▼
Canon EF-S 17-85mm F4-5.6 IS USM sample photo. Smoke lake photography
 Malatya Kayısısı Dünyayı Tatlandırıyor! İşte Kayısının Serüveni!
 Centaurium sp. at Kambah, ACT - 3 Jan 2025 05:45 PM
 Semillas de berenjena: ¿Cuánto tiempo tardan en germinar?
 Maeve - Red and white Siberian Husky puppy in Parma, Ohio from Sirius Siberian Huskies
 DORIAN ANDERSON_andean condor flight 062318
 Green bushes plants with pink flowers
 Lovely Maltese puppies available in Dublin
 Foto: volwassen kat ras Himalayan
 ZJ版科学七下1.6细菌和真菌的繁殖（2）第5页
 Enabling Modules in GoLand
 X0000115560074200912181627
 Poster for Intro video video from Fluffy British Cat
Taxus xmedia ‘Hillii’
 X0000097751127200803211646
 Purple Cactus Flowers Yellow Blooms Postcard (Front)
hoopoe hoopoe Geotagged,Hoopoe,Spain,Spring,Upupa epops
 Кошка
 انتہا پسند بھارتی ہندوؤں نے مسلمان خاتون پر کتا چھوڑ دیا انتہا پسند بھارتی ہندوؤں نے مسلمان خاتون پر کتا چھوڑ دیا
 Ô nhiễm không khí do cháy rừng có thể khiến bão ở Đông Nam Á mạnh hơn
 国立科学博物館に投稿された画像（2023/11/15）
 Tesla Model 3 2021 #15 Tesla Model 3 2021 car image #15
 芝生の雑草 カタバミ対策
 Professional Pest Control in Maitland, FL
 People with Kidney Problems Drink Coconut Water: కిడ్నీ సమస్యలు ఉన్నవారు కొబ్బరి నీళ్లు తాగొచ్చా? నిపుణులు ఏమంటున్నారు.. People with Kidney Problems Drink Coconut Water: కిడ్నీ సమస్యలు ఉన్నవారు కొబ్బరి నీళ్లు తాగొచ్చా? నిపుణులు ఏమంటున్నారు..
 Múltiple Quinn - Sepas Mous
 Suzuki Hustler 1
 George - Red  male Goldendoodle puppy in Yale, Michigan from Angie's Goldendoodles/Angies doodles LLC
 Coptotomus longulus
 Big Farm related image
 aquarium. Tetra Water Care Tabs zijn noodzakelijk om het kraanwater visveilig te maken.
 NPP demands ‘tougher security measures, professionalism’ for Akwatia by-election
▲
*AIM OF THE EXERCISE*:
Set out exactly the lines from the one bearing "Maeve - Red" through the end of the data, including both ends and omitting all others.

*OUTPUT OF THE EXERCISE*:
 Maeve - Red and white Siberian Husky puppy in Parma, Ohio from Sirius Siberian Huskies
 DORIAN ANDERSON_andean condor flight 062318
 Green bushes plants with pink flowers
 Lovely Maltese puppies available in Dublin
 Foto: volwassen kat ras Himalayan
 ZJ版科学七下1.6细菌和真菌的繁殖（2）第5页
 Enabling Modules in GoLand
 X0000115560074200912181627
 Poster for Intro video video from Fluffy British Cat
Taxus xmedia ‘Hillii’
 X0000097751127200803211646
 Purple Cactus Flowers Yellow Blooms Postcard (Front)
hoopoe hoopoe Geotagged,Hoopoe,Spain,Spring,Upupa epops
 Кошка
 انتہا پسند بھارتی ہندوؤں نے مسلمان خاتون پر کتا چھوڑ دیا انتہا پسند بھارتی ہندوؤں نے مسلمان خاتون پر کتا چھوڑ دیا
 Ô nhiễm không khí do cháy rừng có thể khiến bão ở Đông Nam Á mạnh hơn
 国立科学博物館に投稿された画像（2023/11/15）
 Tesla Model 3 2021 #15 Tesla Model 3 2021 car image #15
 芝生の雑草 カタバミ対策
 Professional Pest Control in Maitland, FL
 People with Kidney Problems Drink Coconut Water: కిడ్నీ సమస్యలు ఉన్నవారు కొబ్బరి నీళ్లు తాగొచ్చా? నిపుణులు ఏమంటున్నారు.. People with Kidney Problems Drink Coconut Water: కిడ్నీ సమస్యలు ఉన్నవారు కొబ్బరి నీళ్లు తాగొచ్చా? నిపుణులు ఏమంటున్నారు..
 Múltiple Quinn - Sepas Mous
 Suzuki Hustler 1
 George - Red  male Goldendoodle puppy in Yale, Michigan from Angie's Goldendoodles/Angies doodles LLC
 Coptotomus longulus
 Big Farm related image
 aquarium. Tetra Water Care Tabs zijn noodzakelijk om het kraanwater visveilig te maken.
 NPP demands ‘tougher security measures, professionalism’ for Akwatia by-election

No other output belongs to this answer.